The company initially marketed its services to security-sensitive professionals before expanding to users such as investigative journalists, activists, and survivors of domestic violence. Cape was contracted by the US Navy in 2024 to develop a secure cellular network for Naval Base Guam. Cape Obscura, a mobile phone in their catalogue, was included among the Time Best Inventions of 2025. The company launched an open beta program in March 2025 and became generally available in the United States in 2026.

As of 2026, the company reported total funding of $190 million and a valuation of approximately $900 million.

== Technology ==

Cape runs its own mobile core network, which comprises the software infrastructure needed to route messages and function as a telecom provider.

The company’s system uses varied technologies to prevent surveillance and unauthorized access to user data, including features against SIM swapping, SS7 attacks, and IMSI catchers. Cape phones feature IMSI rotation which changes the cellular user’s unique identifier every 24-hours.
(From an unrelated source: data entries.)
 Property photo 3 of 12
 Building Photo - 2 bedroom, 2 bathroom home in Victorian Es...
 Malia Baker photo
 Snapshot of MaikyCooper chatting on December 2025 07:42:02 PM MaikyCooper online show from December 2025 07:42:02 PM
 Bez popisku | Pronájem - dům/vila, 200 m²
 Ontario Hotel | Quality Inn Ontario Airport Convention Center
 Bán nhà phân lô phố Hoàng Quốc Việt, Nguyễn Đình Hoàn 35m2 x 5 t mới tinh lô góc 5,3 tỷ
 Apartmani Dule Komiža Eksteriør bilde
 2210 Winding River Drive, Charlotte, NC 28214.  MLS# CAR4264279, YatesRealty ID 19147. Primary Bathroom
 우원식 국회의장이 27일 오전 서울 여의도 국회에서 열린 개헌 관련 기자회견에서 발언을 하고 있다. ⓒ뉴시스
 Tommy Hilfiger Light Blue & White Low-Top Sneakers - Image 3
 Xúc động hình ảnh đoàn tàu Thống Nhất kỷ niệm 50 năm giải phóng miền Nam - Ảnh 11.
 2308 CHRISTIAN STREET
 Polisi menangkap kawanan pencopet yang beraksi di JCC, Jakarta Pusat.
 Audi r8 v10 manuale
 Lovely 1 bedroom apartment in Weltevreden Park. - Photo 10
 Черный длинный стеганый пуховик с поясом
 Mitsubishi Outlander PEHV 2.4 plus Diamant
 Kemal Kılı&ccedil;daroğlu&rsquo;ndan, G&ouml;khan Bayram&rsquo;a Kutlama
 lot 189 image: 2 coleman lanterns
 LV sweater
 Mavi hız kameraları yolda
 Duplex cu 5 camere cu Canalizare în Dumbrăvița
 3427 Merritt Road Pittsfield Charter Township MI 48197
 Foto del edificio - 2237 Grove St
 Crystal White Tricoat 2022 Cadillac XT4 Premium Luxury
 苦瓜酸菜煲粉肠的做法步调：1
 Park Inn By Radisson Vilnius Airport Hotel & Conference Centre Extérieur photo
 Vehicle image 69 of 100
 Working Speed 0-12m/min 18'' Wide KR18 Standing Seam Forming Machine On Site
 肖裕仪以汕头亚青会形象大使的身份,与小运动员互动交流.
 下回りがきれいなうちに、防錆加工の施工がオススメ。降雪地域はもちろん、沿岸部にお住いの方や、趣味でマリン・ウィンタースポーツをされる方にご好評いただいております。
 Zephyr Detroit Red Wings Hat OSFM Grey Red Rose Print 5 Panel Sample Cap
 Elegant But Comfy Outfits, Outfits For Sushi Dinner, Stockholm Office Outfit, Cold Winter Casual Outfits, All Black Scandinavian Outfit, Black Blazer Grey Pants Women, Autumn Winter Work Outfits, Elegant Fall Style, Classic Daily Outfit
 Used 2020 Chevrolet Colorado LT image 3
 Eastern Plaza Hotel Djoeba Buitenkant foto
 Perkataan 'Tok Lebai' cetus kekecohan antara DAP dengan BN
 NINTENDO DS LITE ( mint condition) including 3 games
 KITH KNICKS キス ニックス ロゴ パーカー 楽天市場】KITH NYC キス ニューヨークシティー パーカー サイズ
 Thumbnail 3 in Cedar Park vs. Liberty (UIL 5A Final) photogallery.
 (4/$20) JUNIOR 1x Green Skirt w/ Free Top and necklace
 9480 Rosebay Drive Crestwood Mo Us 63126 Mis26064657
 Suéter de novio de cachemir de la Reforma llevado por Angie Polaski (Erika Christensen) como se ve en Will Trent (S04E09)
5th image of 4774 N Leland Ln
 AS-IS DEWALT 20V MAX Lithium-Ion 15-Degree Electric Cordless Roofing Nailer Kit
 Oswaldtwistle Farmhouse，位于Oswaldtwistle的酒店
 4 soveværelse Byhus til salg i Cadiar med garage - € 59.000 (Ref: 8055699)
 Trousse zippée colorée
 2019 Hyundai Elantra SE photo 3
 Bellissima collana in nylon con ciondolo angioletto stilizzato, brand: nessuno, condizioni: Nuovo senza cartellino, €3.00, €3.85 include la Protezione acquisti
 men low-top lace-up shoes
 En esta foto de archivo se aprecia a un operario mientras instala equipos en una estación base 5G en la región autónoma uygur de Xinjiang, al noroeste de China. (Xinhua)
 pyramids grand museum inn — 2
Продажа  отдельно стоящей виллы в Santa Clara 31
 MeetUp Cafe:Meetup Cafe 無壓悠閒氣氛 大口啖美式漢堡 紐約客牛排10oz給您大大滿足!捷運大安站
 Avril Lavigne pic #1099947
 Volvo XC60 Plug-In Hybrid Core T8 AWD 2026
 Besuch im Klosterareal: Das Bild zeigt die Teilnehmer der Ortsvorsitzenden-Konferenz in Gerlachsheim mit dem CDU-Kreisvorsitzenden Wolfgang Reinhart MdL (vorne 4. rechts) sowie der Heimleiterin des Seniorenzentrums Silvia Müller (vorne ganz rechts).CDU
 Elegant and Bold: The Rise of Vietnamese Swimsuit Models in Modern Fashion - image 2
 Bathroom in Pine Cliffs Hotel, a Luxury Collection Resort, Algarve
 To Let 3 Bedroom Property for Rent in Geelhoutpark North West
The service is designed to collect minimal personal information from users and retain it for limited periods.

== Products and services ==

Cape allows users multiple phone numbers per account, encrypted voicemail, and defenses against SS7-based tracking. The consumer version works with both iPhone and Android devices.

Cape Obscura is available to military and government personnel, and other high-risk individuals. Cape Obscura pairs a SIM with a hardened Android device profile to rotate cellular identifiers such as IMSI and IMEI.